Choosing a name for your new product
Who hasn’t considered brewing his own beer at some point? “Rob’s beer, the Olympic drink!”. However, one thing is brewing your own beer, just for the fun of it, and another quite different, launching a new product on the market. Moosehead knows this very well.
When John Carr, Aridondack Pub & Brewery owner, decided to release his “Moose Wizz” root beer, he probably never expected to end up paying a $8,800 fine in court, because of
moose infringement trademark infringement and unfair competition.
The name is quite catchy, we must say, as it is the logo. We can only image the shock when the brewer received a notification from the Canadian company Moosehead Breweries Limited first opposing the registration of the moose before the Intellectual Property Office (CIPO), and later on being told that a lawsuit had been filed against him.

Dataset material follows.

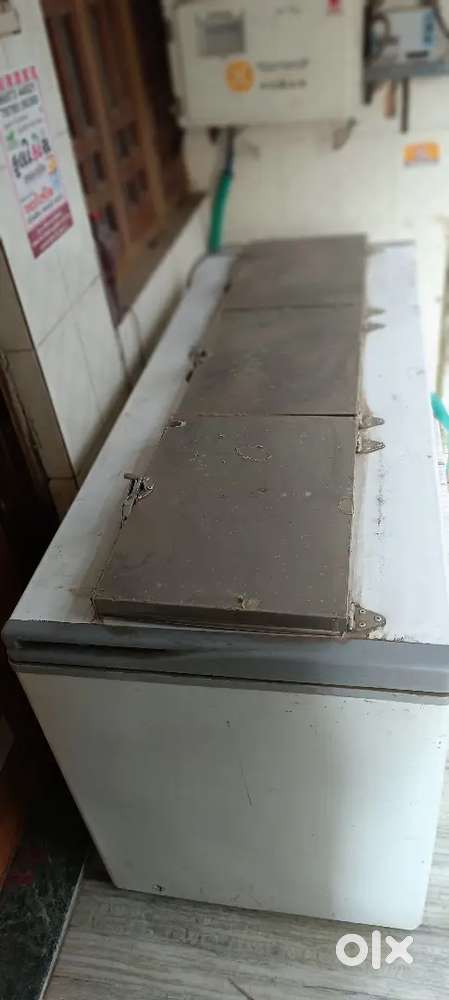 Western deep freezer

John Carr obviously wasn’t happy. Specially, after reading some of the specific requests in the complaint:
- That Defendant be required to deliver up and/or to destroy any and all products infringing the Moosehead Registered Marks in its possession, as well as all labels, literature, and advertisements bearing the marks, together with any means for producing same;
- That Defendant be ordered to pay damages to Moosehead adequate to compensate Moosehead for the acts described in this Complaint, or, upon Moosehead’s election, statutory damages, that such damages be trebled, and that Defendant be ordered to pay Moosehead its reasonable attorneys’ fees; and
#Freethemoose: a Youtube campaign
As a response to the previous, the owner of Moose Wizz Root Beer decided to post a quite moving video in YouTube explaining the situation and why he was fighting against these “corporate bullies”. For Mr. Carr it was, as he mentions in the video, it was a matter of principles, and one can easily see that he speaks from the heart:
Loosing the battle: Moosehead wins
Despite of his efforts, Mr. Carr lost the battle, what should serve as a cautionary tale for all of you who are thinking of a name for your new product. One wouldn’t think than choosing something so theoretically harmless as an animal for the name of a new beverage could be so costly. The truth is, you need to check whether the chosen name has been already registered in the trademark office of the country you intent to commercialise the product. If you don’t know how, check in the website of the office, they normally provide with enough good information. If you are still unsure, you may want to quickly check with a lawyer if you are serious about your business.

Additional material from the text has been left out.